Directions: The data should be written out in full, exactly as it stands, and the pictures dropped.

Given data:

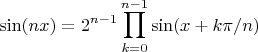 $$\sin(nx) = 2^{n-1}\prod_{k=0}^{n-1}\sin(x+k \pi/n)$$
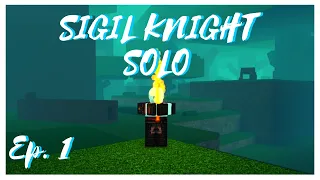 Solo Sigil Ep.1 | Rogue Lineage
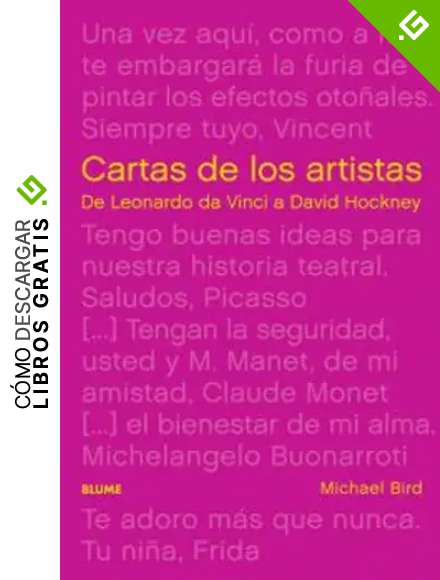 Cartas de los artistas: De Leonardo da Vinci a David Hockney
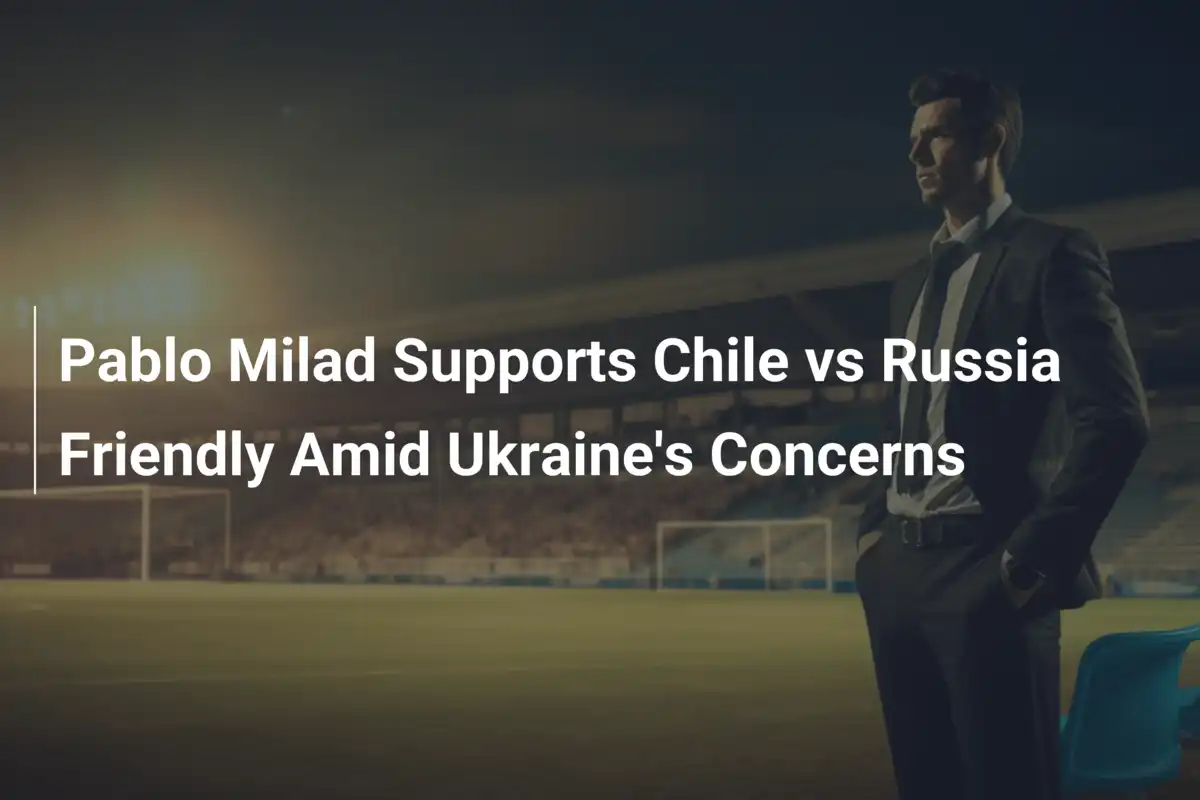 Pablo Milad Difende lichevole Cile-Russia Nonostante le Preoccupazioni dell'Ucraina
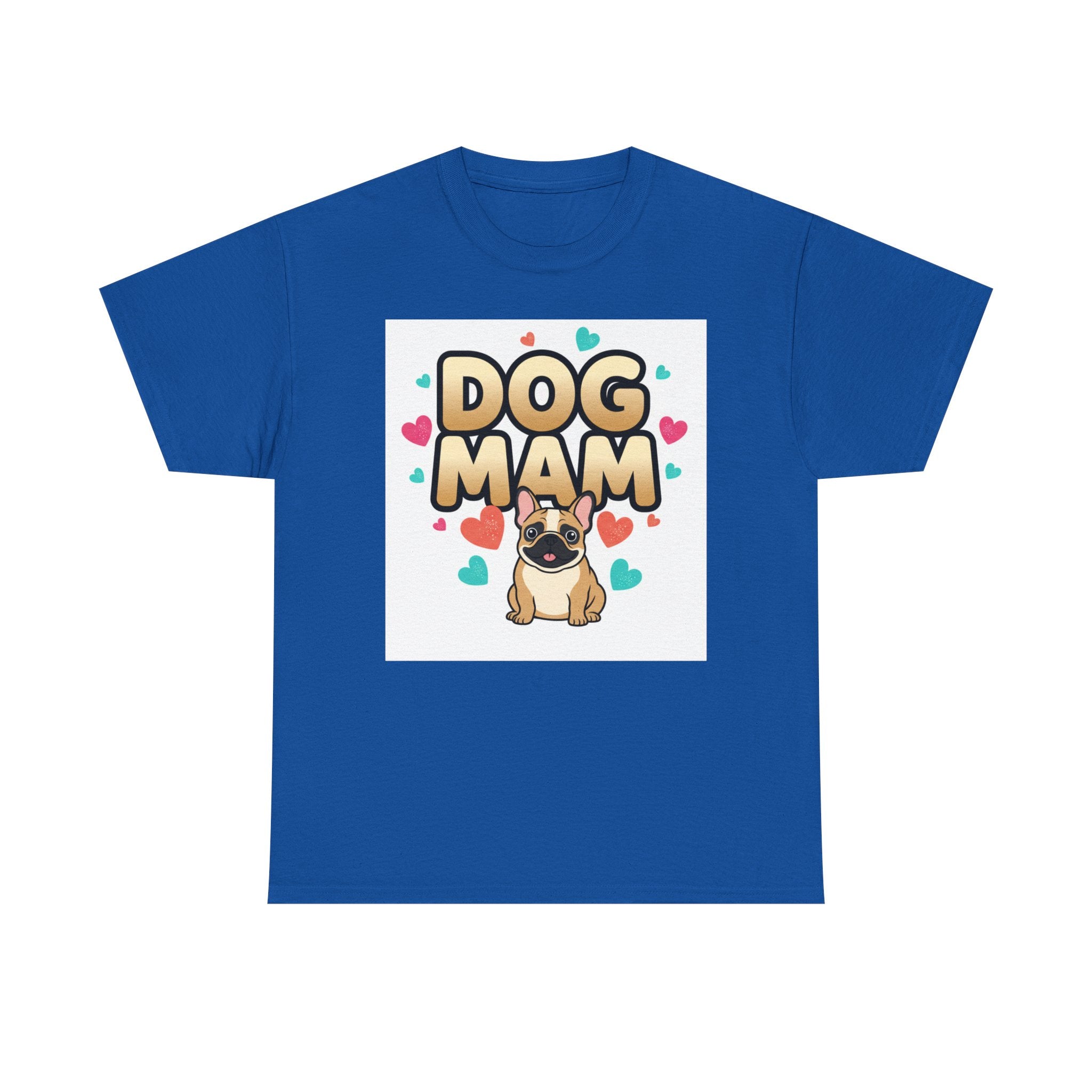 Dog Mom T-Shirt — Cute Pug Design with Hearts, Perfect Gift for Dog Lovers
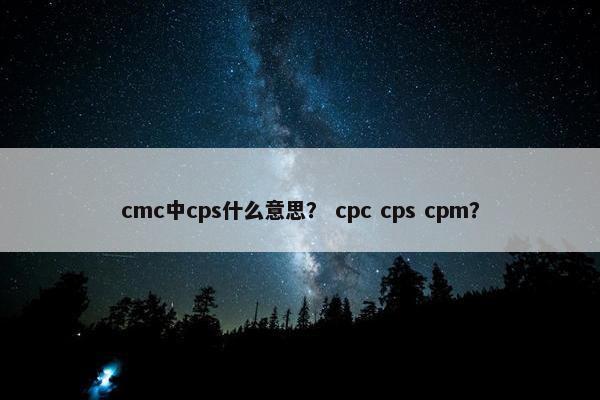 cmc中cps什么意思？ cpc cps cpm？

Problem solution:
 $$\sin(nx) = 2^{n-1}\prod_{k=0}^{n-1}\sin(x+k \pi/n)$$
 Solo Sigil Ep.1 | Rogue Lineage
 Cartas de los artistas: De Leonardo da Vinci a David Hockney
 Pablo Milad Difende lichevole Cile-Russia Nonostante le Preoccupazioni dell'Ucraina
 Dog Mom T-Shirt — Cute Pug Design with Hearts, Perfect Gift for Dog Lovers
 cmc中cps什么意思？ cpc cps cpm？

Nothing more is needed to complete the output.